13 gay rights activists arrested at Utah State Legislature

SALT LAKE CITY — Thirteen gay rights activists were arrested after blockading the entrance to a legislative committee hearing, demanding that a nondiscrimination bill be heard.

They were handcuffed after a day long demonstration that began Monday morning outside Governor Gary Herbert’s Office, then moved to a committee hearing. They were demanding that Senate Bill 100 be considered.

“If the democratic process won’t work, and if we’re allowed for procedural things like tabling to stop hearing things like the nondiscrimination bill, it’s time for regular citizens to engage in peaceful acts like civil disobedience,” said Dustin Trent, who was led away in handcuffs.

SB 100, which would prohibit discrimination in housing and employment based on sexual orientation, will not be heard this year. Neither will any other bills dealing with gay rights or religious freedom, because it may affect the state’s appeal of Amendment 3.

“Amendment 3 is a convenient excuse not to be heard,” said LGBT activist Troy Williams. “We demand to be heard!”

The group began standing in front of the governor’s office doors about 9:30 a.m.
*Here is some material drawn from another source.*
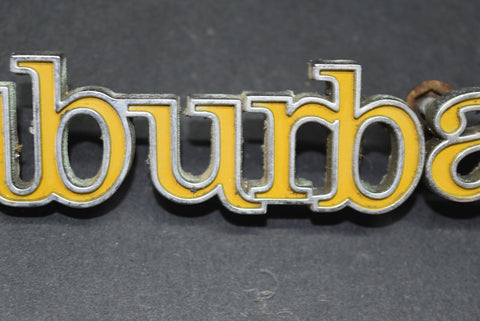 1973 1988 Chevy Suburban Tailgate Trim Emblem Badge Tail Gate 73 74 75 76 77 78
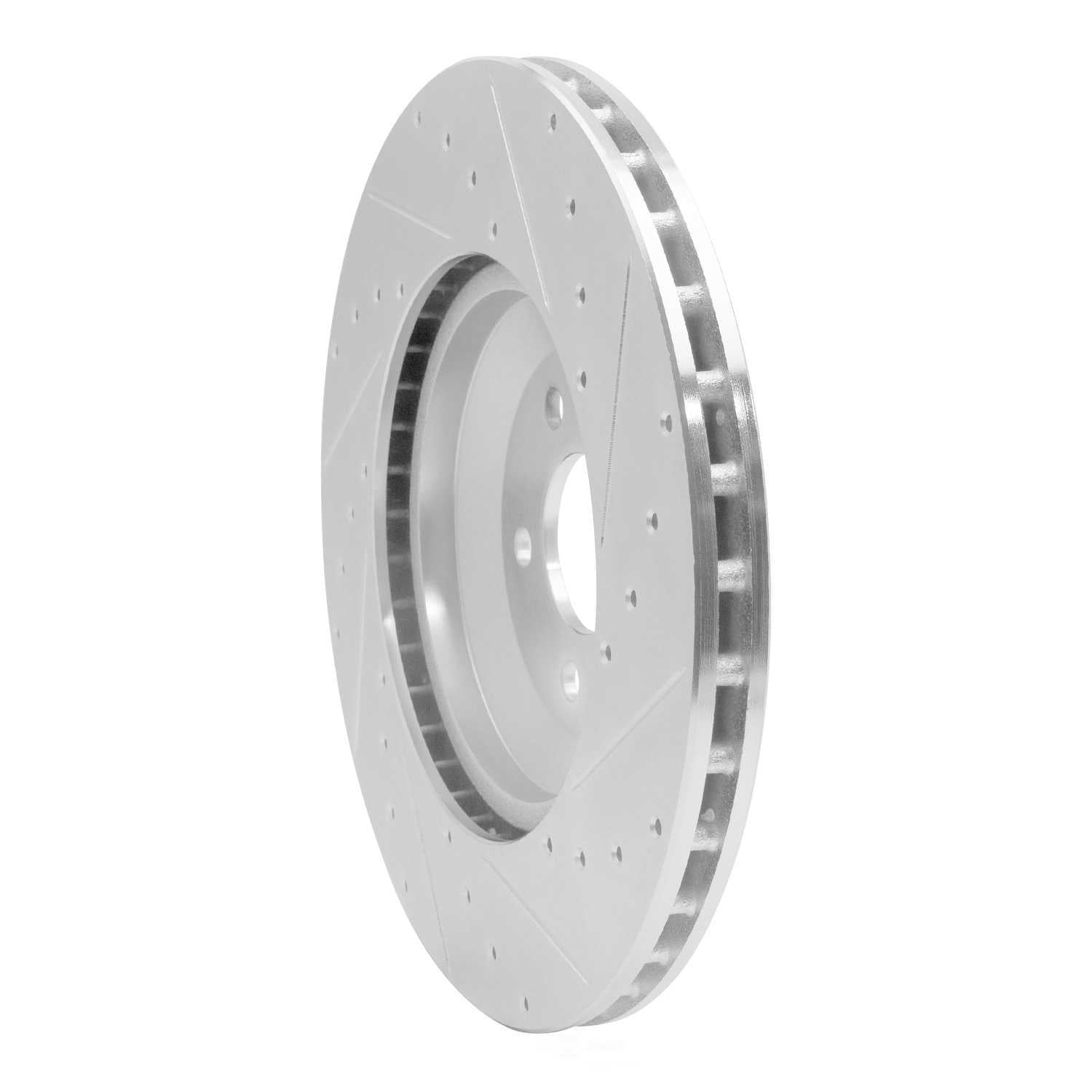 Dynamic Friction Company 631-63166L DFC Brake Rotor - Drilled And Slotted - Silver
Monday. By mid-day, they had blockaded several people from getting to appointments. Governor’s staffers ferried those people in and out through side doors.
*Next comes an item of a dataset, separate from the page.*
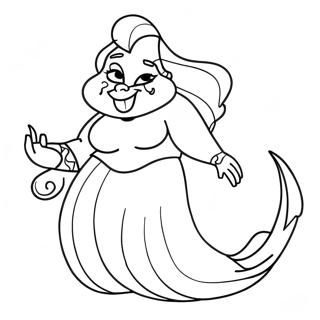 Ursula La Strega Del Mare Pagina Da Colorare 76371 19253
“I would like to see their passion and zeal directed in a way that is far more fruitful,” Utah Log Cabin Republicans president James Humphries told FOX 13 as he left the governor’s office.

The Utah Highway Patrol was reluctant to arrest the demonstrators. Instead, they have tried to negotiate with them to step away. SB 100 sponsors Sen. Steve Urquhart, R-St. George, and Sen. Jim Dabakis, D-Salt Lake City, were also called to try to negotiate with the demonstrators, who refused to move.
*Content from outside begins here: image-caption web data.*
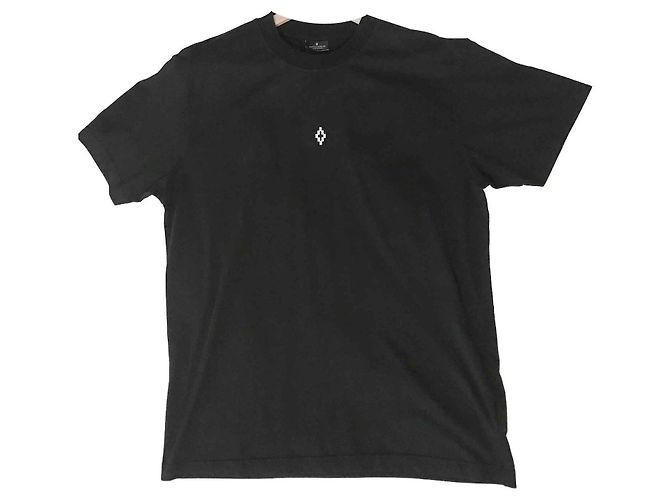 Autre Marque Marcelo Burlon T-Shirt mit Flügeln Schwarz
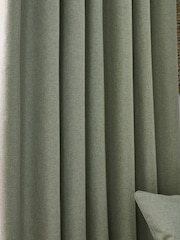 furn. Eucalyptus Dawn 100% Blackout Thermal Pencil Pleat Curtains - Image 4 of 6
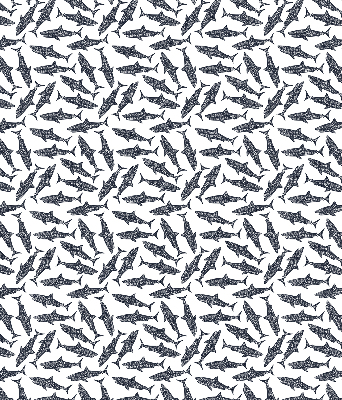 Roller blind for large window Sharks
“I don’t want to see anyone arrested,” Urquhart said, pleading with the protesters to give him time to approach the Senate GOP caucus, or to set up a town hall meeting next week to talk about SB 100.

The demonstrators refused to budge.

As the hours dragged on, the protestors sat in front of the governor’s office. Senate leadership insisted that SB 100 would not likely make it out of the rules committee, as it did not have the votes.

“The frustration that has driven these Utahns to take direct action is understandable,” the gay rights group Equality Utah, said in a tweet.

Last year, a federal judge in Salt Lake City declared Amendment 3 — which defines marriage as between a man and a woman and does not recognize anything else — unconstitutional. In 17 days, more than 1,300 same-sex couples wed in Utah until the U.S. Supreme Court granted the state’s request for a stay pending appeal.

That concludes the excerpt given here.